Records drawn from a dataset
════════════════════
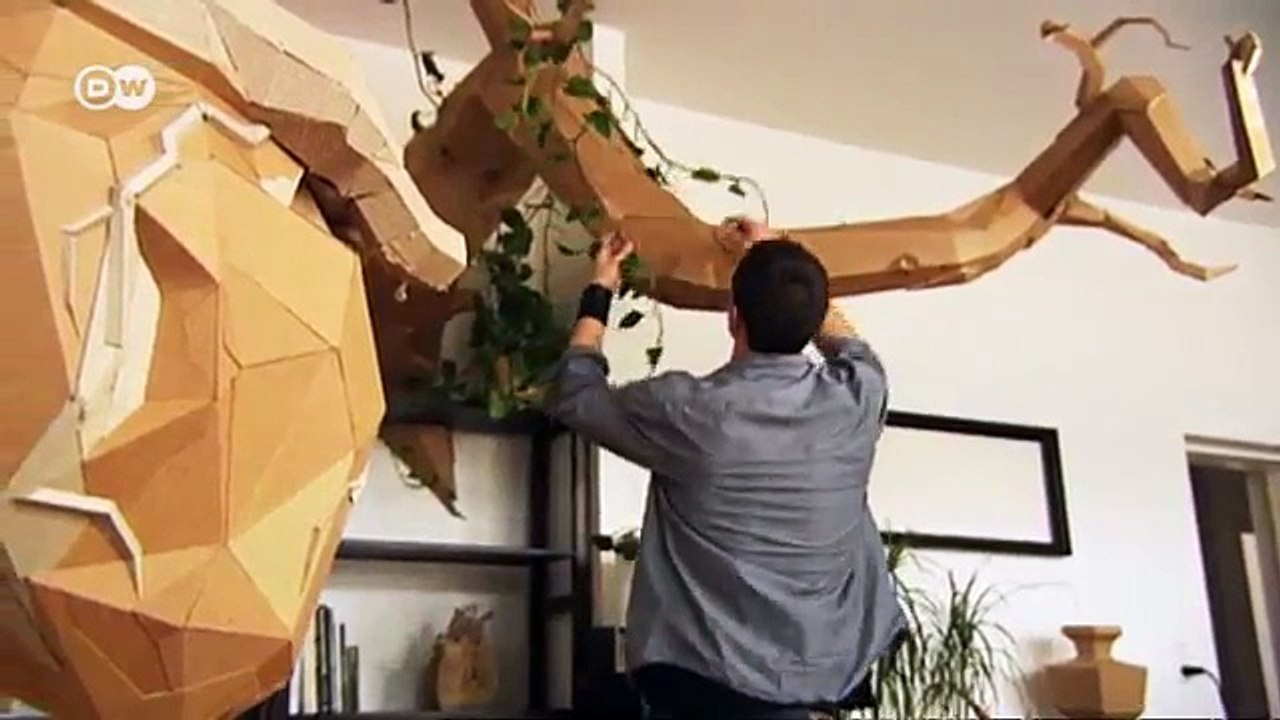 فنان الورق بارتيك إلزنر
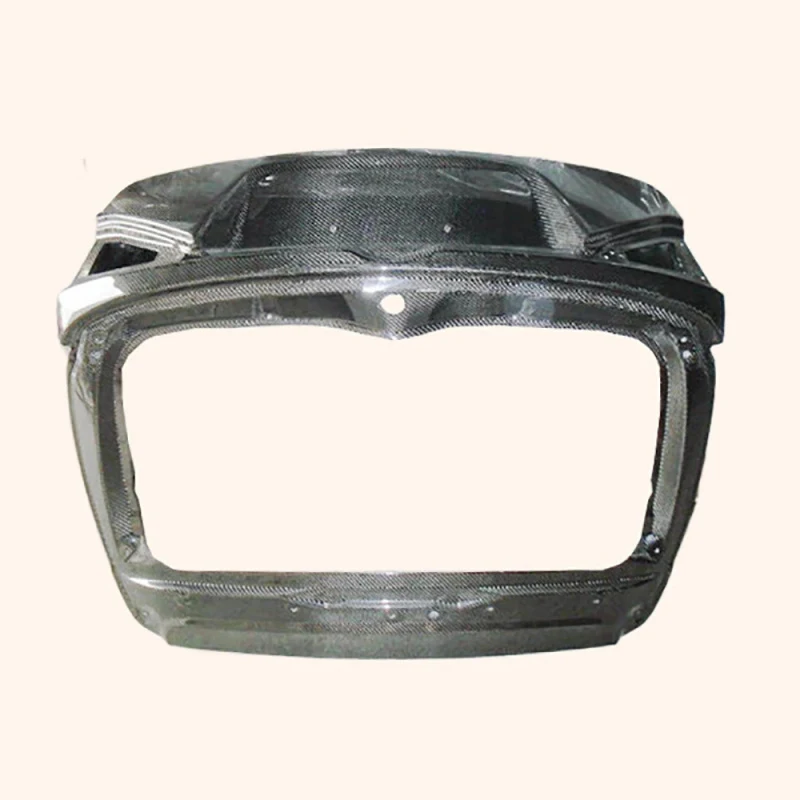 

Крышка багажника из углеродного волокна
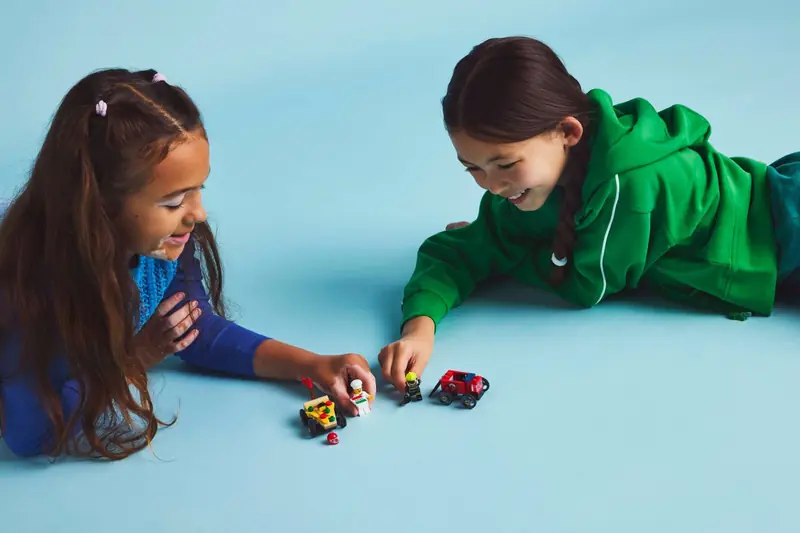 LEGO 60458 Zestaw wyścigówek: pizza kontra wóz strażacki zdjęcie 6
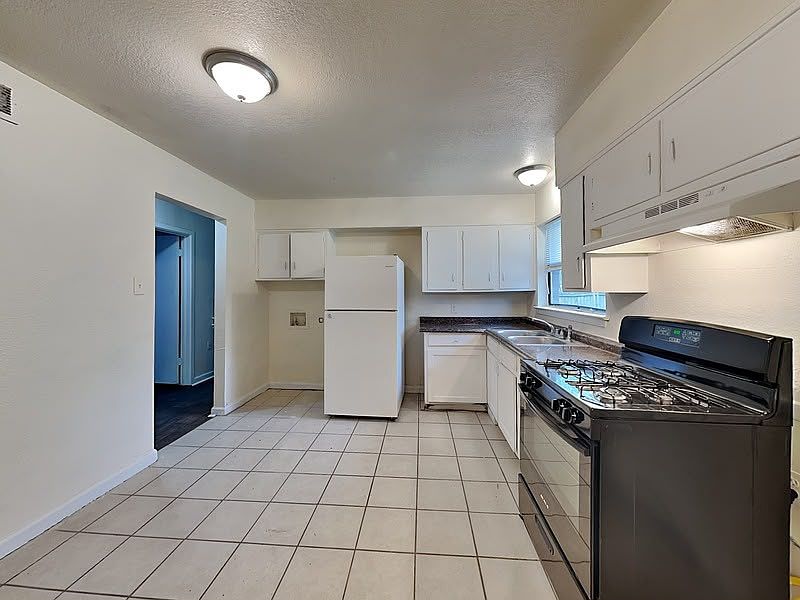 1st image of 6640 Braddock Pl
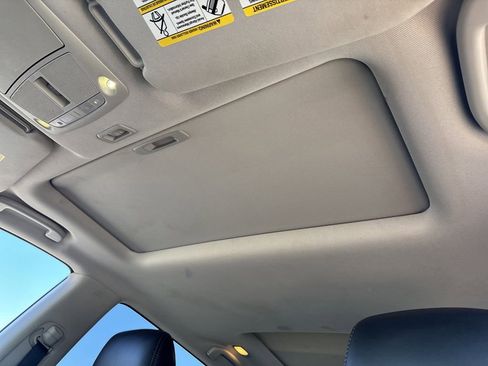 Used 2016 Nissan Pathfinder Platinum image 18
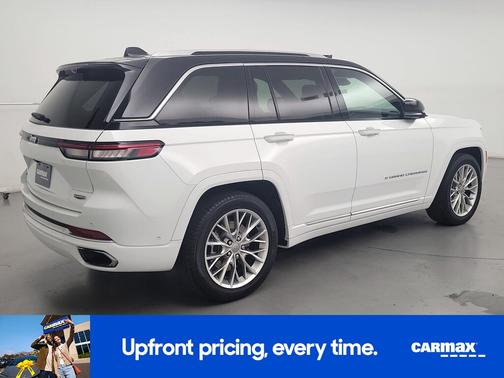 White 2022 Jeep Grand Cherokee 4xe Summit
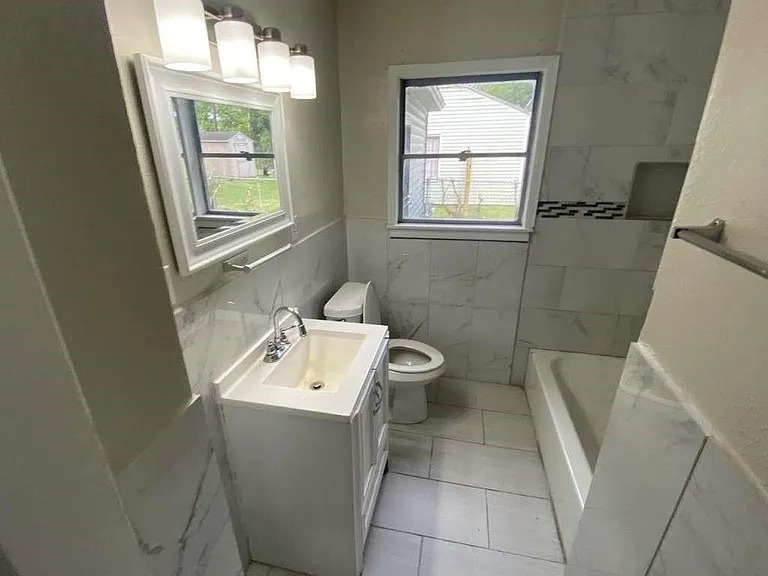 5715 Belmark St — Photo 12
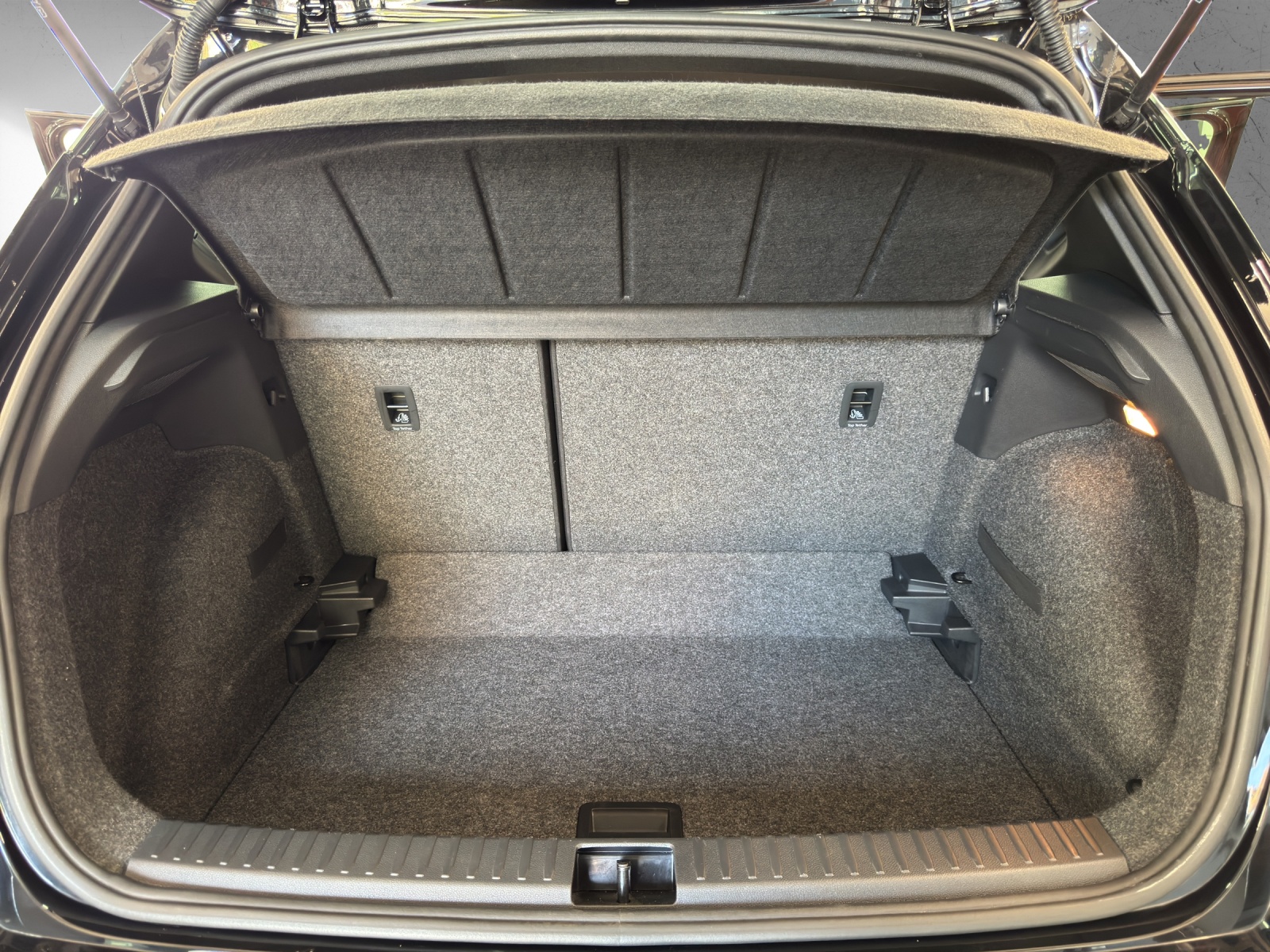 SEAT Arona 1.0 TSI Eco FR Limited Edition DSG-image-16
════════════════════
Problem to work on: From the line with "Крышка багажника из углеродного волокна" down to the final line of the entries above, repeat each line exactly; omit the pictures.

Answer to this problem:
Крышка багажника из углеродного волокна
 LEGO 60458 Zestaw wyścigówek: pizza kontra wóz strażacki zdjęcie 6
 1st image of 6640 Braddock Pl
 Used 2016 Nissan Pathfinder Platinum image 18
 White 2022 Jeep Grand Cherokee 4xe Summit
 5715 Belmark St — Photo 12
 SEAT Arona 1.0 TSI Eco FR Limited Edition DSG-image-16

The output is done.